Poi andando di nuovo verso la finestra e tornando indietro, sospirò profondamente ed uscì dalla sala; al che gli altri due dettero in una gran risata.

— Davvero che una più bella di questa non l’ho vista mai, — esclamò quegli dal rasoio, che parea rispondere al nome di Price. — Mai!

E il signor Price confermò la sua asserzione attaccando un moccolo, e poi tornò a ridere, quando il giovanetto (che lo teneva per un pezzo sopraffino) rise naturalmente a quella spiritosaggine.

— Voi non credereste, — disse Price voltandosi a Pickwick, — che quest’originale si trova qui da una settimana, e non s’è ancora fatto la barba, perchè si sente così certo di sortire fra mezz’ora che dice di volersela fare a casa!

— Pover’uomo! — disse il signor Pickwick. — E le ha poi davvero tutte queste probabilità di tornarsene via?

— Accidenti alle probabilità, — rispose Price; — nemmeno l’ombra, figuratevi! Non darei nemmeno questo per la probabilità che egli passeggi per le vie di Londra da qui a dieci anni.

E così dicendo, il signor Price fece con atto di disprezzo scricchiolare le dita e suonò il campanello.

— Datemi un foglio di carta, Crookey, — disse poi al domestico, il quale dall’aspetto e dal vestito pareva un che di mezzo tra un pascolatore fallito e un allevatore insolvibile; — e anche un bicchiere d’acqua e acquavite, avete inteso, Crookey? Voglio un po’ scrivere a mio padre e ho bisogno d’uno stimolante, tanto per ficcarla al vecchio barbogio.
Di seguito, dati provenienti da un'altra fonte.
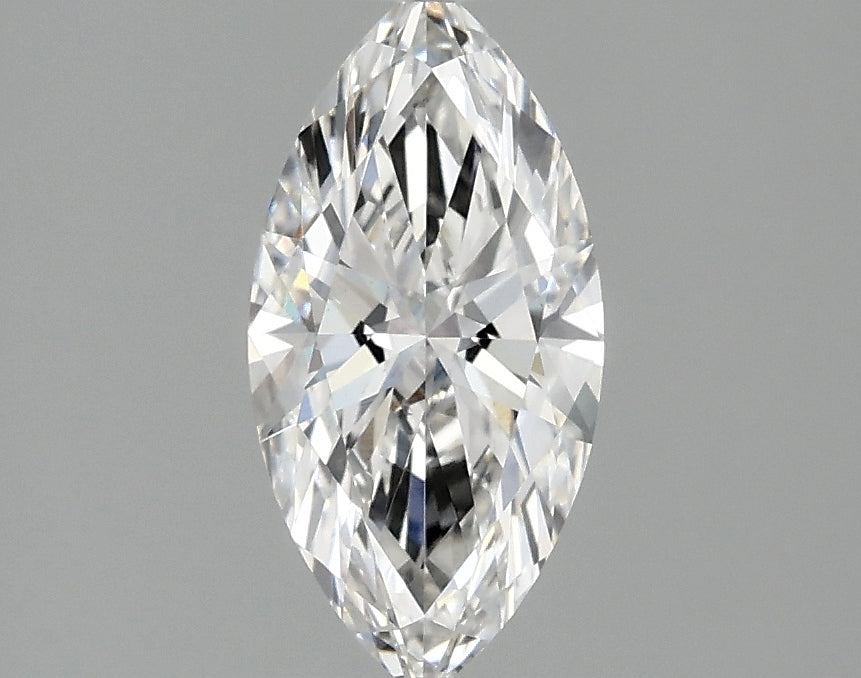 1.01 Carat Marquise Lab Grown Diamond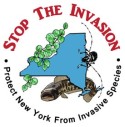 New York Invasive Species Information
A questo discorso faceto, va da sè che il giovinetto si contorse dal gran ridere.

— Così è, — riprese il signor Price. — A morire c’è sempre tempo. Graziosa eh?

— Magnifica! — esclamò il giovinetto.

— Avete dello spirito, avete, — disse Price. — Un po’ di mondo lo conoscete anche voi.

— Altro che un poco! — rispose il giovanetto.

In effetto lo avea veduto attraverso i vetri sudici di una bettola.

Il signor Pickwick, non poco stomacato da questo dialogo, e insieme dall’aspetto e dai modi dei due interlocutori, stava per domandare se fosse possibile di avere un salottino privato, quando due o tre forestieri entrarono dall’apparenza piuttosto pulita. Vedendoli, il giovanetto gettò subito il sigaro nel fuoco, e bisbigliando al signor Price che erano venuti "per aggiustar la sua partita"si accostò a loro presso una tavola all’altro capo della camera.

Non sembrava però che le cose si aggiustassero con tanta sollecitudine, perchè un lungo colloquio seguì, del quale non potè fare a meno il signor Pickwick di cogliere a volo alcune frasi riguardanti una condotta dissipata e un perdono troppo ripetuto. Alla fine, il più vecchio della brigata fece qualche allusione molto chiara e precisa ad una certa via di Whitecross; e qui il giovinetto, ad onta del suo spirito e della sua precocità e della sua conoscenza del mondo, si lasciò andare col capo sulla tavola e ruppe in singhiozzi.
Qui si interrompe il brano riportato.